▸ What this task involves:
Output the data below only from the line containing "Retro 04/05 Argentina" up to and including the line containing "Berlinger Haus BH8401", exact and with the pictures left out.

▸ Data for the task:

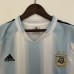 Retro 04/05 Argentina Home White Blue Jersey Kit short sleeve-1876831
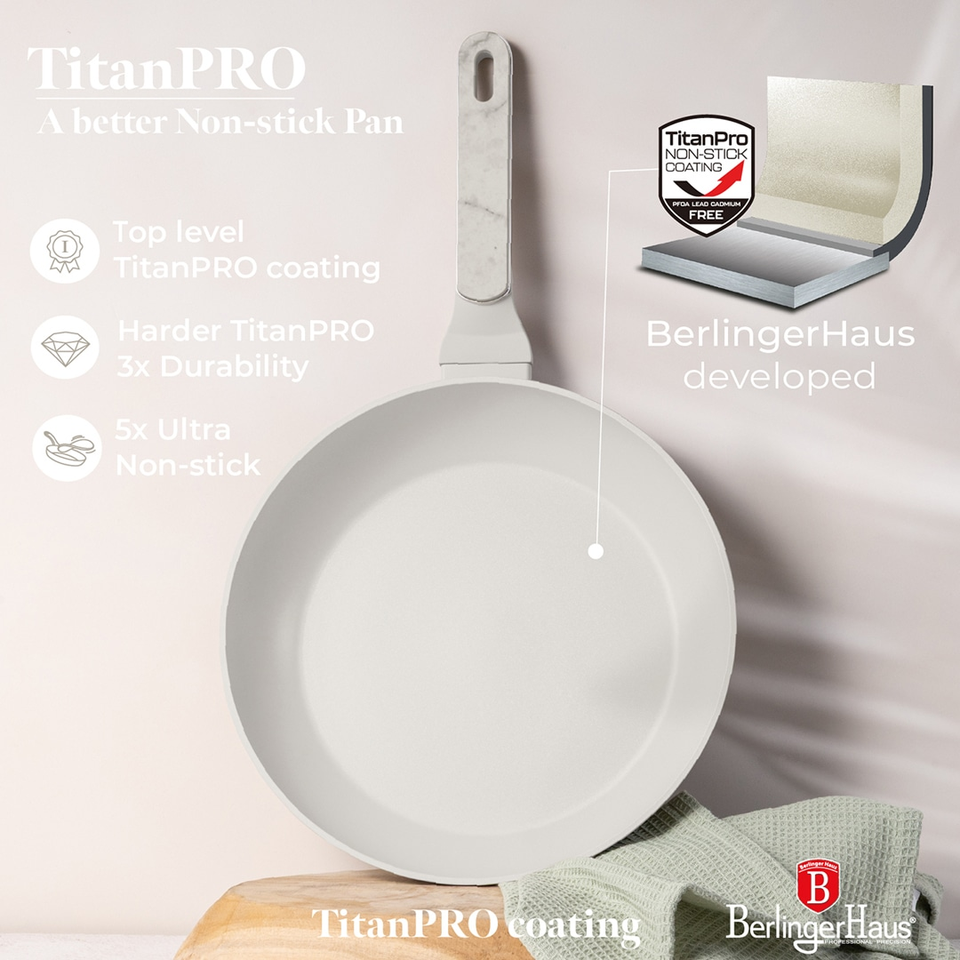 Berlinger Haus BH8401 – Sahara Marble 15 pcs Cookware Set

---

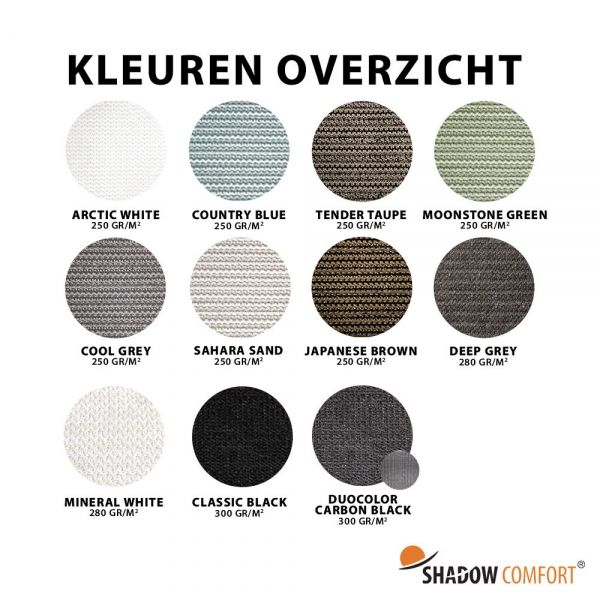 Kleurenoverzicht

▸ Answer box:
 Retro 04/05 Argentina Home White Blue Jersey Kit short sleeve-1876831
 Berlinger Haus BH8401 – Sahara Marble 15 pcs Cookware Set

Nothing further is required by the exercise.